İHD Eş Genel Başkanı Avukat Eren Keskin’in polisle görüşmesinden de olumlu bir sonuç alınamadı. Görüşmeyi yapan Av. Eren Keskin "24 Nisan soykırımı anma etkinliğimiz engellendi. geçen yıl takipsizlik kararı olmasına rağmen bu yıl yine engellendi. Biz bunu kınıyoruz ve İnsan Hakları Derneğimize davet ediyoruz” dedi. Anma ve açıklamanın İHD İstanbul Şubesi’nde yapılmak üzere alandan ayrılındı.

Geçtiğimiz yıl da İstanbul Valiliği 1915 Anması'nda açıklama metninde "soykırım" gibi kelimelerin geçmemesini talep etmiş; pankart taşıyan üç İnsan Hakları Derneği üyesi kelepçeyle gözaltına alınmış ve bunu protesto anlamında anma etkinliği iptal edilmişti.

 

İHD İstanbul Şubesi'nde Anma ve Basın Toplantısı

İnsan Hakları Derneği (İHD) İstanbul Şubesi’nde anma ve basın açıklaması gerçekleştirildi. Basın açıklaması’nın yapıldığı salona “Soykırım! İnkara Son!” yazılı pankart açıldı. Açıklamaya katılanlar 1915 Ermeni Soykırımı’nda yaşamını yitiren aydın ve sanatçıların resimlerini taşıdı.

Basın açıklamasına İnsan Hakları Derneği Eş Genel Başkanı Avukat Eren Keskin, Avrupa Irkçılık Karşıtları Taban Hareketi (EGAM)’nin Genel Başkanı Benjamin Abtan, Fransız Parlamento Üyesi Mirelle Clapot, HDP Milletvekili Garo Paylan katıldı.

Cumhuriyetin Üzerine İnşa Edildiği Soykırımın Lanetli Mirası”

İnsan Hakları Derneği İstanbul Şubesi’nde açıklama yapan İHD Eş Genel Başkanı Avukat Eren Keskin, Sultanahmet’te açıklama yapılmamasına tepki göstererek, ülkede işlenmiş ve işlenmekte olan ağır insan hakları ihlallerinin Cumhuriyet’in üzerine inşa edildiği soykırımın lanetli mirası olduğunu söyledi.

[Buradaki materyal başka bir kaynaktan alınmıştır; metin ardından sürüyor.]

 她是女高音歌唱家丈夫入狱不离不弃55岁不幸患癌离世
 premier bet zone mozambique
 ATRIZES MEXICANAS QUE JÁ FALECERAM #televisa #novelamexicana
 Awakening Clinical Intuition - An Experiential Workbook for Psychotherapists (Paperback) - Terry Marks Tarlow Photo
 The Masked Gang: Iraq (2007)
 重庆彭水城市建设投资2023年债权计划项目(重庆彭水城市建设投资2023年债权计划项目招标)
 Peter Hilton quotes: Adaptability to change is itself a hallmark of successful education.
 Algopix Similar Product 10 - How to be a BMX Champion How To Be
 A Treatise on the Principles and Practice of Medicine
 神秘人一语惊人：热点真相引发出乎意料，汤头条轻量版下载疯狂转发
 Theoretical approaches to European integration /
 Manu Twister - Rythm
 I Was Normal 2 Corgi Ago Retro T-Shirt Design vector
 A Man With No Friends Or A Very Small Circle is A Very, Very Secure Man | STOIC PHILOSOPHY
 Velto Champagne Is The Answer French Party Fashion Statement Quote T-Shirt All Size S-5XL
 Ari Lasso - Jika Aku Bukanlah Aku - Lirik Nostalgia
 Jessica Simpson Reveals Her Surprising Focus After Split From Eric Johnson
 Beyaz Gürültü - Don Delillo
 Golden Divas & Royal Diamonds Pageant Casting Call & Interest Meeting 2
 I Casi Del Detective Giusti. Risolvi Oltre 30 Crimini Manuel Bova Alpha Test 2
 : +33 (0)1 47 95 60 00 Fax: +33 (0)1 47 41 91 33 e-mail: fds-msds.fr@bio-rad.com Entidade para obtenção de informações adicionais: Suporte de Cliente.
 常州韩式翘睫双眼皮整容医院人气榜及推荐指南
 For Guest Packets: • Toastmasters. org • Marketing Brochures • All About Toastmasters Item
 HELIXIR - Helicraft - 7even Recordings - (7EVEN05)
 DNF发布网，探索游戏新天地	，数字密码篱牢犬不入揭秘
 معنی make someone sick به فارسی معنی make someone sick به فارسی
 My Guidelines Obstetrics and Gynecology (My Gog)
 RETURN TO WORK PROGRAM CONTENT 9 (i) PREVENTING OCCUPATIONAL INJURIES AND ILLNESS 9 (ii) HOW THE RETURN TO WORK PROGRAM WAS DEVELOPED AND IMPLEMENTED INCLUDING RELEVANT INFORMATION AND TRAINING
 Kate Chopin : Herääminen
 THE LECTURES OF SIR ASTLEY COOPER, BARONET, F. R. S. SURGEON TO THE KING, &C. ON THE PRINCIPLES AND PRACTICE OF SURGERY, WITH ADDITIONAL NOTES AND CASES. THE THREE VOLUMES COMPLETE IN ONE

20. yüzyılın başında Küçük Asya ve Kuzey Mezopotamya’da Hristiyan halklara, Ermenilere, Süryani/Asurilere, Rumlara yapılan soykırım ve inkarı devletin kendi yasalarını çiğnemesini, bizzat delvetin hukuk dışına çıkmasını meşrulaştırmış olduğunu ve bu devlet aklı egemenliğinin Cumhuriyet boyunca sürdüğünü belirten Keskin, soykırımın lanetli mirası dediklerinin de işte bu devlet aklı olduğunu söyledi.

 

Hukuksuzluğun İktidarını Yaşıyoruz Anmaya Bile Tahammül Yok”

Yine hukuksuzluğun iktidarının yaşandığını ve yine ağır insan hakları ihlallerinin olduğu bir dönemden geçildiğini söyleyen Keskin bu lanetli mirasın yeni biçimlerde devam etmekte olduğunu belirtti.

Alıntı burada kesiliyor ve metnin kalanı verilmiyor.